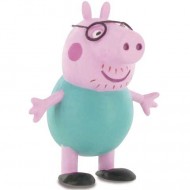 Figurina Peppa Pig tatic porc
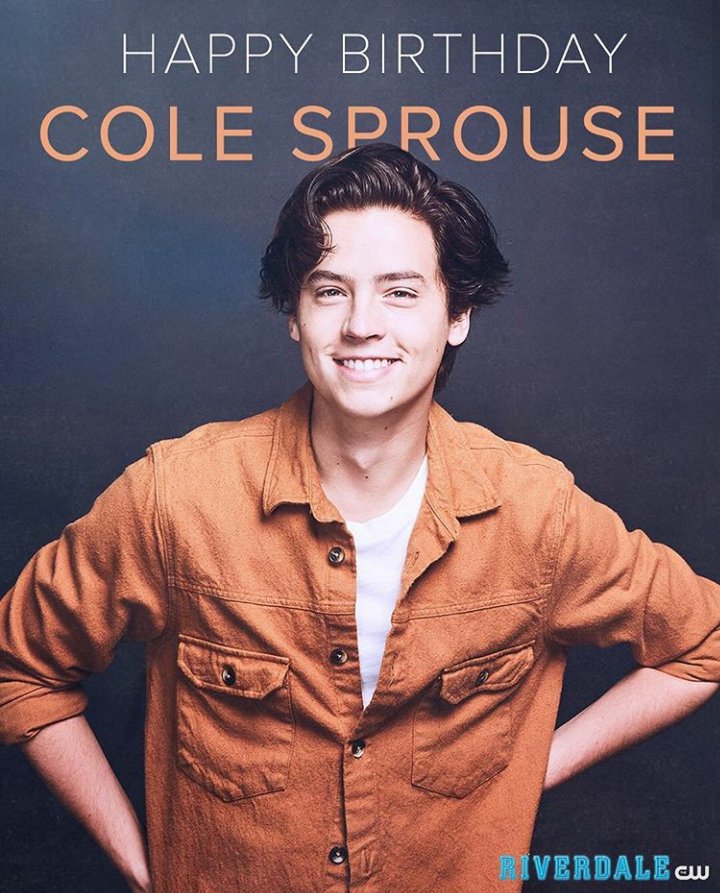 Happy birthday cole sprouse 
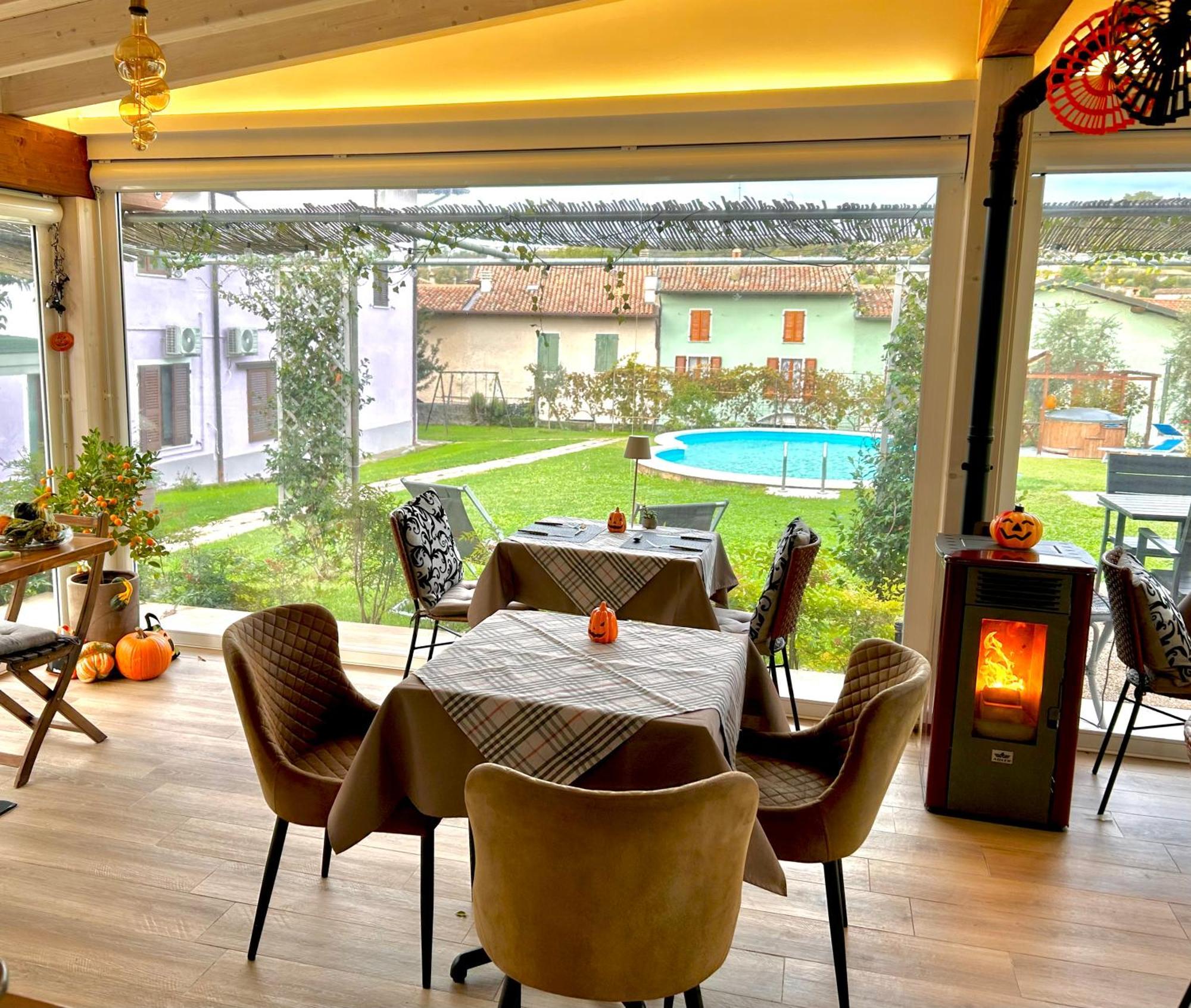 La Casa Di Campagna Sul Garda Puegnago Kültér fotó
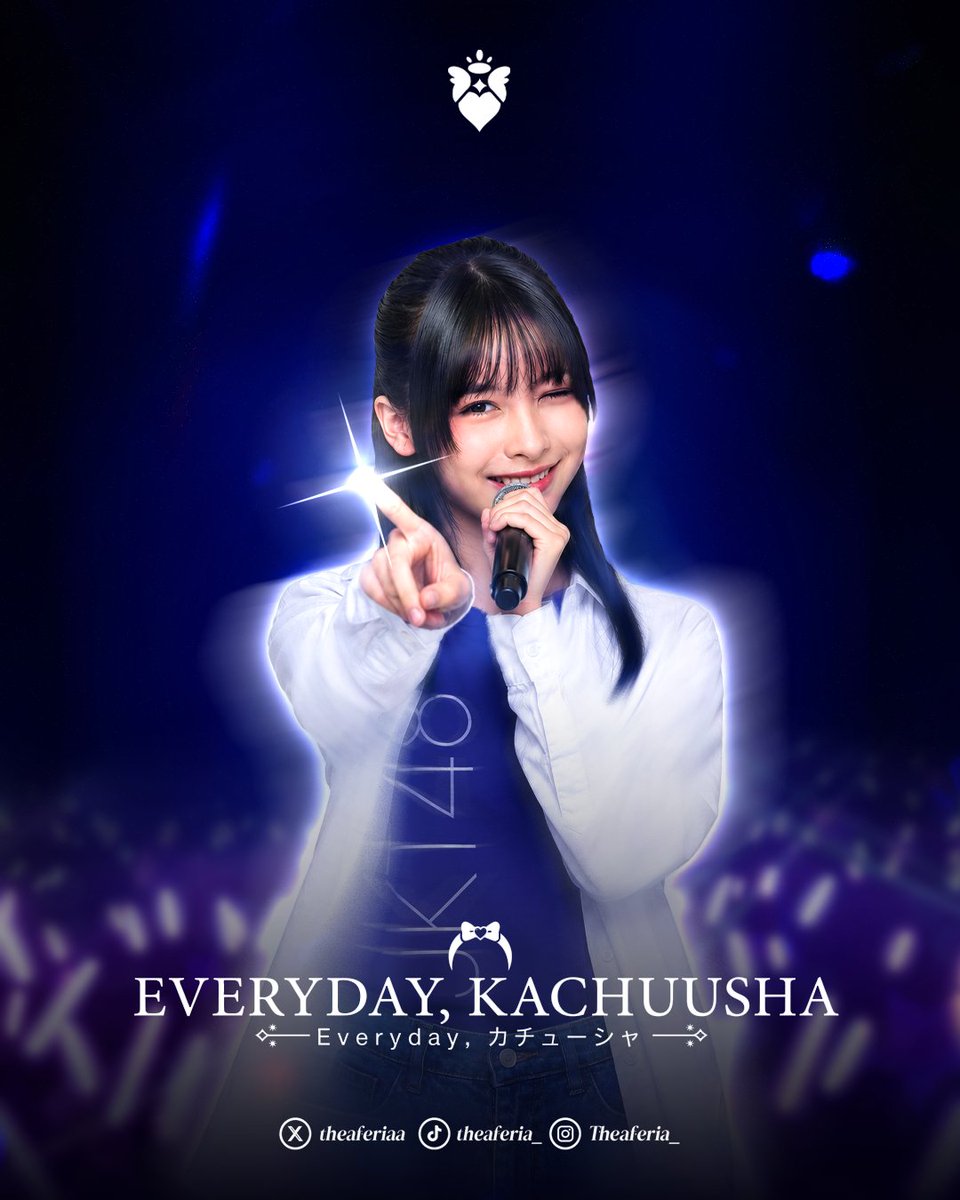 theaferiaa's tweet photo. Langkah besar selalu dimulai dari pijakan-pijakan kecil. Menjadi center di bonus song mungkin terasa seperti porsi kecil dari keseluruhan setlist, tapi buat kita yang merhatiin perjuangannya, ini adalah salah satu bukti kalau kilauan Fera makin kelihatan. Seneng dan bangga banget liat Fera bisa tampil lepas serta makin percaya diri saat membawakan lagu EVERYDAY, KACHUUSHA hari ini. Semoga momen berharga ini bisa jadi bahan bakar semangat dan penambah rasa percaya diri buat Fera ke depannya. Mari kita terus rapatkan barisan dan dukung setiap proses tumbuh Fera di JKT48! Semangat terus!! 🌟💖

#Fragment 
#FeryCool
---
> [What to produce]: Starting from the first line of the entries above, print each line exactly until the line containing "La Casa Di Campagna" has been printed, and skip the pictures.

> [Exercise solution]:
 Figurina Peppa Pig tatic porc
 Happy birthday cole sprouse 
 La Casa Di Campagna Sul Garda Puegnago Kültér fotó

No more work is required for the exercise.